La studiosa belga Marguerite Peeters, nel suo ultimo saggio tradotto in italiano, Il Gender. Una questione politica e culturale (San Paolo, Cinisello Balsamo 2014, pp.160, 17,50 €), ha definito il gender come un insieme olistico di cerchi concentrici fornito di un nucleo duro radicale. I cerchi esterni, i più visibili e i più lontani dal centro ideologico nascosto, rappresentano i progetti a più alto consenso e capaci di sedurre la maggioranza. Tuttavia il nucleo centrale ideologico attira verso sé e contamina tutti gli altri cerchi, cosicché anche i progetti più esteriori e apparentemente più accettabili finiscono per esserne contagiati.
La rivoluzione gender avanza, infatti, silenziosamente dietro ad una maschera di parole dal sapore altruistico e umanitario. La campagna contro gli “Hate Speech” promossa dal Consiglio d’Europa costituisce un esempio emblematico di tale subdola strategia d’azione. Quello che è un vero e proprio nuovo paradigma etico viene proposto e imposto attraverso una scientifica rivoluzione del linguaggio che si serve di termini intenzionalmente ambigui e ambivalenti, vocaboli all’apparenza condivisibili e lodevoli, ma che nella realtà sottendono l’adesione ad un programma sovversivo radicale.

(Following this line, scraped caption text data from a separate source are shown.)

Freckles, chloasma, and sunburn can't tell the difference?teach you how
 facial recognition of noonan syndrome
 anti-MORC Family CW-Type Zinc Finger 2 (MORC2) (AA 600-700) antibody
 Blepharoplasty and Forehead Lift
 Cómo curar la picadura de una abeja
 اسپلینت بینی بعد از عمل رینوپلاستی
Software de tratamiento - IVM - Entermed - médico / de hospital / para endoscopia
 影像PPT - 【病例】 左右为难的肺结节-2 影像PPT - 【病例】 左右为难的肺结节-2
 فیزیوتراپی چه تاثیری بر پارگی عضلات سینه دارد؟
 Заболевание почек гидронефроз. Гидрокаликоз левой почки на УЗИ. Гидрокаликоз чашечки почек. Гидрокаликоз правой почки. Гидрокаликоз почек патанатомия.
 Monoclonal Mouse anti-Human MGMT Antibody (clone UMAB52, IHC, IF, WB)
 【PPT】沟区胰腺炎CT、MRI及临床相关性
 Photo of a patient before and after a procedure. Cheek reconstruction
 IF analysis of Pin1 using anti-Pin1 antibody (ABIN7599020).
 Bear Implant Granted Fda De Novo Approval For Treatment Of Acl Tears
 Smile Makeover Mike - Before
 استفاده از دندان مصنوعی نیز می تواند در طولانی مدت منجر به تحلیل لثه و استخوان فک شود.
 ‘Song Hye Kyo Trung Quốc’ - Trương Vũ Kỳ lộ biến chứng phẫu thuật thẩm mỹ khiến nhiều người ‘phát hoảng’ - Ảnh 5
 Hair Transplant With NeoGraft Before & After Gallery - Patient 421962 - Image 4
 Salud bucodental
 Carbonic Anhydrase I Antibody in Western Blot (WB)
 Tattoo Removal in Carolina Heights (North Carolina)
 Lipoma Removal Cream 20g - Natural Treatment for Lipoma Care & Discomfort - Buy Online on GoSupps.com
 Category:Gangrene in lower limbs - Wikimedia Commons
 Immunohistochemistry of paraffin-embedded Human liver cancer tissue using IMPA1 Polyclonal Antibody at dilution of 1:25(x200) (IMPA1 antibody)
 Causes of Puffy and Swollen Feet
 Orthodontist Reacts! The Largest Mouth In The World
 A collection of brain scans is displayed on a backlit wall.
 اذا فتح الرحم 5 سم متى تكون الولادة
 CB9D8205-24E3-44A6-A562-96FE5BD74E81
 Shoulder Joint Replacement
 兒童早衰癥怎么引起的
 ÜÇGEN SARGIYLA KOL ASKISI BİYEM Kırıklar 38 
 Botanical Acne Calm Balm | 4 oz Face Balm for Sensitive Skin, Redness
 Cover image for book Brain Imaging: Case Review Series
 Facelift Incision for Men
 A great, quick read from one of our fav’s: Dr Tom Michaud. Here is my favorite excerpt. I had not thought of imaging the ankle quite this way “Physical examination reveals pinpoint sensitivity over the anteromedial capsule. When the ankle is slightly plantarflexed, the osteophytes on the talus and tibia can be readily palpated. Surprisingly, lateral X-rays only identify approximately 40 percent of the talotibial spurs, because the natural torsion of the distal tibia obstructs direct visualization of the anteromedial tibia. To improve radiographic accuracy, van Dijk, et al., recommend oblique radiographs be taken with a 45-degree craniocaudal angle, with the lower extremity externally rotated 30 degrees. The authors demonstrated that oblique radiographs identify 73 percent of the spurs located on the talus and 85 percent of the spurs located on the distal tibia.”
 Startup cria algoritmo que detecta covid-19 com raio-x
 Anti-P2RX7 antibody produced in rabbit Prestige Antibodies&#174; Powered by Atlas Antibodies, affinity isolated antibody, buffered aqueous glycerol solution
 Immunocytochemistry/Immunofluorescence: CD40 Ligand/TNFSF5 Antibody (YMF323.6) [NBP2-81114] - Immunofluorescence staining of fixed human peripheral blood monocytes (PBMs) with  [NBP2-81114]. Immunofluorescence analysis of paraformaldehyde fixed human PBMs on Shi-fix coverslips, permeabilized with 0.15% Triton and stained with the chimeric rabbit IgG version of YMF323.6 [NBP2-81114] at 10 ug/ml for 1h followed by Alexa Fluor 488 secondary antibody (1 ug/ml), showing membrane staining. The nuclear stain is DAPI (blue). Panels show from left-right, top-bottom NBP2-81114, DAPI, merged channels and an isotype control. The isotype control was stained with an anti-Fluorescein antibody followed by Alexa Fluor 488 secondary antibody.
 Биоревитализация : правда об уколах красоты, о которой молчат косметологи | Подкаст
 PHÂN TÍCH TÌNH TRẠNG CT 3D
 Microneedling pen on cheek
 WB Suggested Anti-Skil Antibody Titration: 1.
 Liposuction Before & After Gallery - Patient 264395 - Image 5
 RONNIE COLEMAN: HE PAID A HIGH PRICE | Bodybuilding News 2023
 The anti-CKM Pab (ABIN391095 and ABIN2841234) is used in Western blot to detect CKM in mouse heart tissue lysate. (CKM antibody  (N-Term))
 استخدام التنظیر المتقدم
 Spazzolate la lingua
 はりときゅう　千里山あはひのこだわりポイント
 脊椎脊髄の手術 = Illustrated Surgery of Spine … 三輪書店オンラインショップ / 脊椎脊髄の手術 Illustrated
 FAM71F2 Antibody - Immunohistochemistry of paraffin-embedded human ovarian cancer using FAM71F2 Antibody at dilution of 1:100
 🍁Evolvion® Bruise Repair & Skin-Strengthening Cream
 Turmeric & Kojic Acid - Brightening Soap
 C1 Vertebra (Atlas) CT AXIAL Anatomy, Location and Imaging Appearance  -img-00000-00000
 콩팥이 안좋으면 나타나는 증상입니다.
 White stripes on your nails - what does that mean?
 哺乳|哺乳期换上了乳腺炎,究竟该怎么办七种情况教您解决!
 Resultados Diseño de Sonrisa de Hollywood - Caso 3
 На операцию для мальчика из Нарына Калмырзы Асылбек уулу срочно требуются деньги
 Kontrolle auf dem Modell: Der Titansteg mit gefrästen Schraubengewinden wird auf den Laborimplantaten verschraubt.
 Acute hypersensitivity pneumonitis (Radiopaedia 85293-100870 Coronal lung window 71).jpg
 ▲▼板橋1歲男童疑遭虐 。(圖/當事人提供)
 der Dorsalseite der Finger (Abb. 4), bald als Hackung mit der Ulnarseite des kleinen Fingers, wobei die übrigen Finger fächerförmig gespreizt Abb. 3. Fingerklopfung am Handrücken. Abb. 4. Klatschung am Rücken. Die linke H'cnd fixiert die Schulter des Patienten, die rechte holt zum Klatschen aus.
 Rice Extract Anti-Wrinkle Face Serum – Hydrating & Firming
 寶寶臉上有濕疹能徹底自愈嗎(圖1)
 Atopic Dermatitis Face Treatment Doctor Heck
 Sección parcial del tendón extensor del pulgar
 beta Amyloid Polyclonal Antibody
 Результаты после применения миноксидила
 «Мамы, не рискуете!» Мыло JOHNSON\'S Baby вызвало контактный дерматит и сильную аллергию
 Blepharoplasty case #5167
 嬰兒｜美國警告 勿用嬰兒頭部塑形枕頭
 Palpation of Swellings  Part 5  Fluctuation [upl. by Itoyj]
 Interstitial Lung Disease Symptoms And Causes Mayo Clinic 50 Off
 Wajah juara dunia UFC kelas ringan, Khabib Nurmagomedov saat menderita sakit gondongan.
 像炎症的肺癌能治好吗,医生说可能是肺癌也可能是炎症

Il processo di mutazione linguistica del gender richiama alla memoria la neolingua immaginata e descritta da George Orwell nel suo celebre libro 1984. Fine specifico del Newspeak non era solo quello di fornire agli adepti del Socing, un nuovo mezzo espressivo che sostituisse la vecchia visione del mondo e le superate abitudini mentali, ma quello di rendere impossibile ogni altra forma di pensiero. In tale prospettiva, sono i promotori del diktat etico globale a stabilire, arbitrariamente, che cosa si intende per “discorso d’odio”.
Concetti ideologici come omofobia, gender, diritti sessuali e riproduttivi, omoparentalità, lotta agli stereotipi, orientamento sessuale, identità di genere e cosi via divengono degli imperativi etici ai quali tutti i progetti educativi, le carte etiche e programmi politici dovranno allinearsi pena l’emarginazione e la condanna sociale.
La lotta agli “hate speech”, in nome di malintesi diritti umani, diviene in questo modo una astuta tattica volta a silenziare preventivamente ogni altro punto di vista discordante dal pensiero unico dominante. Come si legge sul sito della campagna, per crimine d’odio si intende: «un atto illecito contro un gruppo o un individuo sulla base di un pregiudizio sulla loro identità percepita negativamente». Una definizione volutamente oscura, funzionale a promuovere i propri progetti rivoluzionari. L’ideologia, che celebra la libertà di scelta assoluta, rivela il suo volto totalitario.